La lourdeur ne s'arrête pas là, elle s'étend bien entendu à vos interactions avec les objets. Il est difficile de parler d'énigmes au sujet de ces manipulations puisqu'il s'agit finalement d'utiliser bêtement (et très lentement) des outils. Là où il faudra parfois se creuser les méninges, c'est dans la combinaison des objets, jusqu'à trois, qui sont nécessaires pour la fabrication de ces fameux outils. Cette mécanique de craft aurait pu se montrer divertissante, mais heureusement l'interface est là pour nous rappeler qu'on n'est pas ici pour la rigolade. Véritable déclaration d'amour aux troubles psychomoteurs, la navigation dans les menus reste tout à fait raccord avec le reste du jeu, surtout si vous essayez de l'aborder au combo clavier/souris.

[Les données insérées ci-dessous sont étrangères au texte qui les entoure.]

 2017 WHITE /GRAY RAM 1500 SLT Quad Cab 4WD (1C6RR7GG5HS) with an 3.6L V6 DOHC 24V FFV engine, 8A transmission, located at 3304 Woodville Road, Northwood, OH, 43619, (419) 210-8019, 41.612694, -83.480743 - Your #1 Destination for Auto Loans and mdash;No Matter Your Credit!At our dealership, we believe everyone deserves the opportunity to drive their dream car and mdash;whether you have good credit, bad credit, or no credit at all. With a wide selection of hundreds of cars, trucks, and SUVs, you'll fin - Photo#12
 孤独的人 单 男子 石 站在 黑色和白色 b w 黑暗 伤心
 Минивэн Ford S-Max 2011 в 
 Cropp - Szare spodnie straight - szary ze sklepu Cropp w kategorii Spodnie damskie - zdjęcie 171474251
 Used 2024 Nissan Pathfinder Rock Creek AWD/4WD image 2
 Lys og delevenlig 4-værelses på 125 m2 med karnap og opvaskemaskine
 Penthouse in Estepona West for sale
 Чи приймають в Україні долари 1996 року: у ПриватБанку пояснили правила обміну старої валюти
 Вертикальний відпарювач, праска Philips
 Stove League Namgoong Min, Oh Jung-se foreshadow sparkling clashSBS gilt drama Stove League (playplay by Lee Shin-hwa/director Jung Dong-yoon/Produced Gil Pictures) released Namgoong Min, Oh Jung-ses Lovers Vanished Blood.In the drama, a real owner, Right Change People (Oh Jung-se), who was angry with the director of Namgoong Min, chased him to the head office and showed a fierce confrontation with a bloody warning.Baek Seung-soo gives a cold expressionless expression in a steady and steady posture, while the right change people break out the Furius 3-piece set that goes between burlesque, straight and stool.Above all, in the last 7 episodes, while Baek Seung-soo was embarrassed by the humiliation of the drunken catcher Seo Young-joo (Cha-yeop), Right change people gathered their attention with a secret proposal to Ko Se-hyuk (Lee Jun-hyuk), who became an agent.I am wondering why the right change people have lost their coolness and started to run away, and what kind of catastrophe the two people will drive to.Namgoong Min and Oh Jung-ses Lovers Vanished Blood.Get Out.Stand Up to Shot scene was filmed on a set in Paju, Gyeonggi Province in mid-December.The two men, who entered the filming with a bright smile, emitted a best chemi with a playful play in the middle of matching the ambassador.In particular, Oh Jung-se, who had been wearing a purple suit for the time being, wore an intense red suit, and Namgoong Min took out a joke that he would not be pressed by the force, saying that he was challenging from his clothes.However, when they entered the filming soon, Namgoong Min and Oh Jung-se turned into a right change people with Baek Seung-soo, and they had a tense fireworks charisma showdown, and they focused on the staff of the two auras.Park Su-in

J'ai comme envie d'une feinte au ris de veau...

Malgré tout ce dispositif, il vous reste encore une lueur d'espoir ? The Thin Silence va se faire un plaisir de l'étouffer sous une avalanche de proses aussi inintéressantes les unes que les autres. C'est bien simple, le fait même de découvrir un nouveau texte finira par vous mettre dans cet état de résignation absolue que connaissent bien ceux qui laissent par exemple s'accumuler leur courrier non-traité. Vous voulez prendre un peu de hauteur pour dédramatiser ? Vous vous rendez compte alors que le personnage que vous incarnez est tout à fait détestable puisque, même plongé dans les pires horreurs, il en revient toujours à se lamenter sur sa petite personne et son histoire personnelle. Pour peu que vous vous identifiez à lui, vous pouvez alors sans mal ajouter la haine de soi à la sympathique panoplie de sentiments que vous propose d'expérimenter le jeu.



On ne va pas faire semblant de croire que les cinq dernières minutes soit disant optimistes et les deux ou trois messages vaguement positifs suffisent à contre-balancer toute l'aventure et on va se demander à qui ça s'adresse ? Clairement pas aux personnes déjà dépressives qui sont même explicitement découragées de se lancer par l'avertissement donné au début du jeu. Et par bonheur si le mal de vivre vous est étranger, si vous passer la corde au cou vous semble aussi incongru que de déambuler nu dans le métro une contrebasse à la main, pas sûr que vous apprécierez le voyage (si en revanche ces deux options vous semblent également sympathiques, optez tout de même plutôt pour la version du mélomane naturiste qui devrait davantage amuser vos amis). Reste alors la réponse la plus probable : The Thin Silence pourrait être un projet conçu comme une expérience cathartique par son développeur Ricky James. On espère qu'une fois l'accouchement passé, ça lui a fait du bien, mais on ne voit pas trop qui aujourd'hui pourrait en tirer bénéfice, à part peut-être justement un pervers narcissique qui trouverait là un outil raffiné pour faire souffrir son petit personnel...

Pas de doute là dessus, The Thin Silence est une œuvre sincère, peut-être même un peu trop... Le fond, la forme et le propos s'accordent à merveille, on peut donc parler d'une réussite d'une certaine manière. En un mot, c'est LE jeu qu'il vous faut pour débuter en beauté une sévère dépression.